Step 1: Decide what success looks like
This sounds obvious but most buyers skip it. The best court isn't the most expensive — it's the one that actually matches how the space will be used. Before you think about dimensions or surfaces, get specific about the outcome you want.
- Family recreation: durability, safety, attractive finish, multi-sport flexibility, lower maintenance
- Skill development: more emphasis on accurate dimensions, surface consistency, rebound features, and line accuracy
- Multi-sport backyard: requires compromise between different line sets and equipment footprints — manageable with planning
- Premium lifestyle build: appearance, landscaping integration, fencing, lighting, and the way it looks from the house
Step 2: Measure the site properly
Measure the total usable footprint including buffer zones, fencing line, paths, access for construction, and clearance from structures and boundaries. This is where most projects go sideways early.

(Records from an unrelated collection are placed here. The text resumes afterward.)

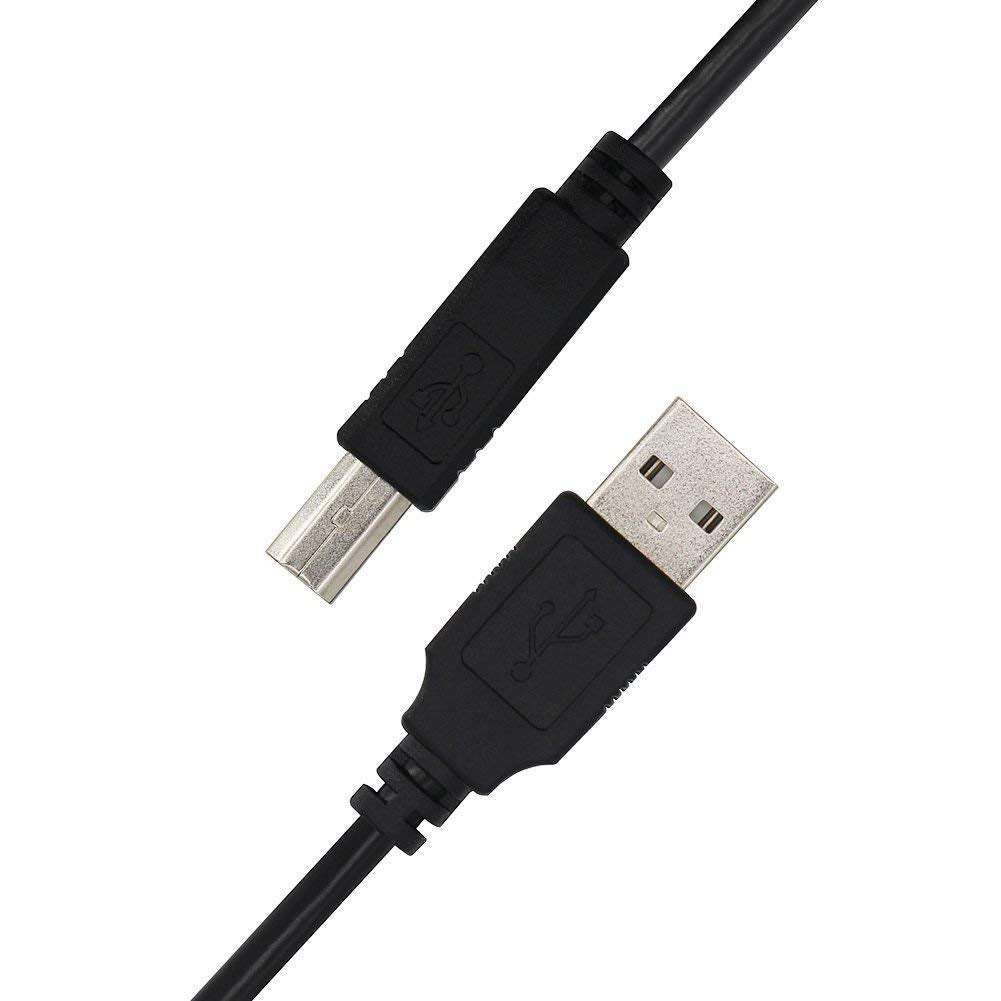 NewPowerGear USB Printer Scanner Cable Cord Replacement for LaCie d2 Quadra Disk 500GB External Hard Drive HD HDD Data Cord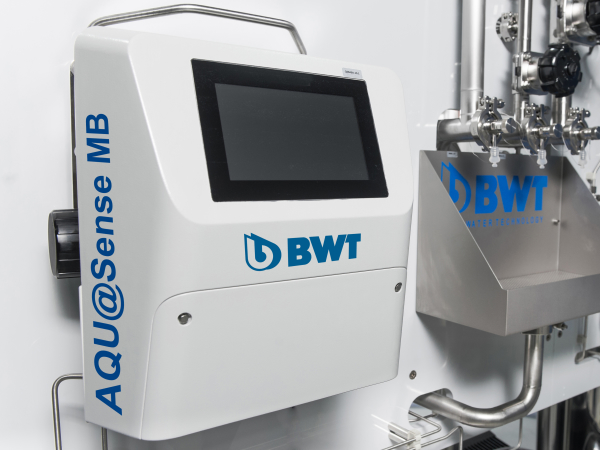 BWT AQU@SENSE MB, l'avenir du contrôle microbiologique dans les CRITICAL UTILITIES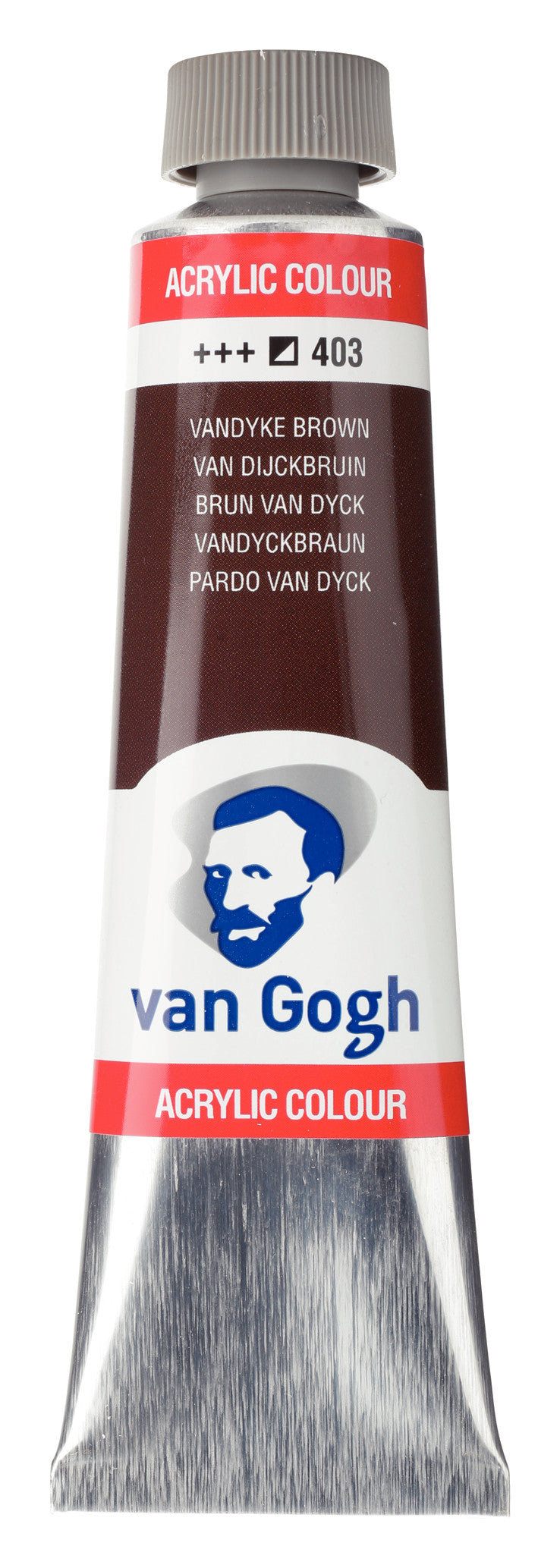 Van Gogh Acrylic Colour Tube 40 ml Vandyke Brown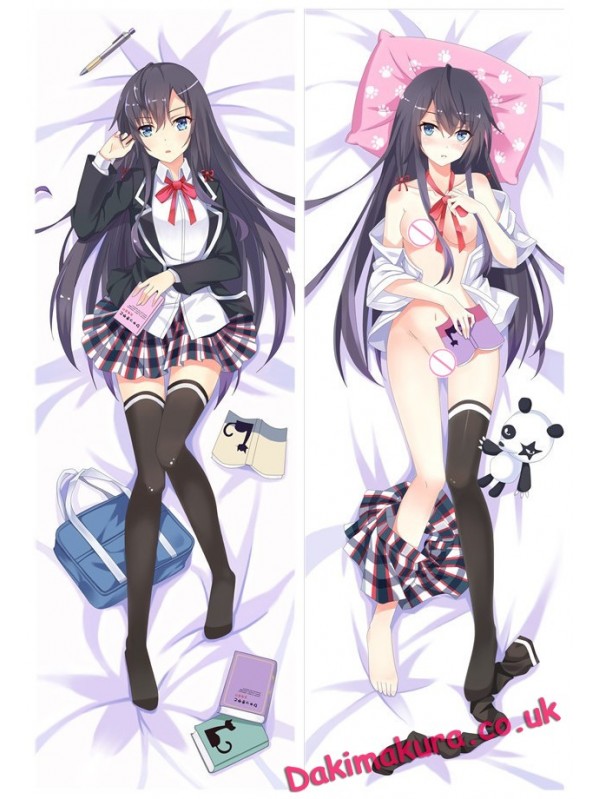 Yukino Yukinoshita - My Youth Romantic Comedy Is Wrong As I Expected hugging pillow case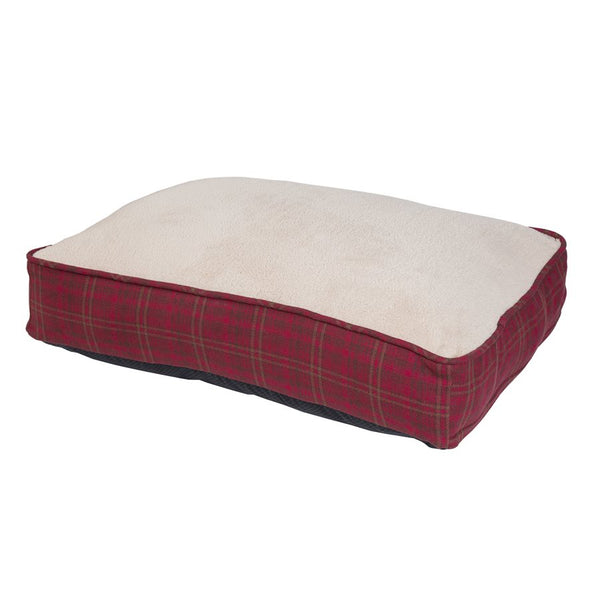 Cascade Lodge Plaid Dog Bed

For every sport type, the playing lines are not the total space requirement. Add at least 1.5–3m of clearance on every side depending on the sport, and more for faster-paced sports like cricket and baseball.
Step 3: Assess any existing base honestly
An existing concrete slab can save real money — but only if it passes scrutiny. Walk the slab after rain and look for these warning signs:
- Standing water in any area (drainage fail)
- Cracks with any vertical movement between panels
- Surface that's rough, pitted, or delaminating
- Trees within 3–5m (root heave risk over time)
- Falls that are steeper than 2% in any direction
If any of these are present, factor in either the cost to remediate or the cost of a new base. Don't let an old slab become a false economy.
Step 4: Choose the surface system before comparing quotes
Acrylic sports surface, painted slab, modular tiles, synthetic turf, and premium golf-green systems all behave differently. Bounce, grip, noise, heat absorption, maintenance, and longevity vary dramatically. Choose your preference and specify it consistently across all quotes you request — otherwise you're not comparing the same thing.
Step 5: Build a single written brief
One brief. Send it to every installer. It should include:
- Sport type and court function
- Ideal dimensions and any minimum acceptable dimensions
- Existing slab info (address and condition)
- Known site constraints
- Features you definitely want included (fencing, lighting, lines, net posts)
- Surface system preference
- Budget band
- Desired timeline
If a quote comes back lower, ask what's different in the scope. The cheapest quote is almost never the same scope as the most thorough one.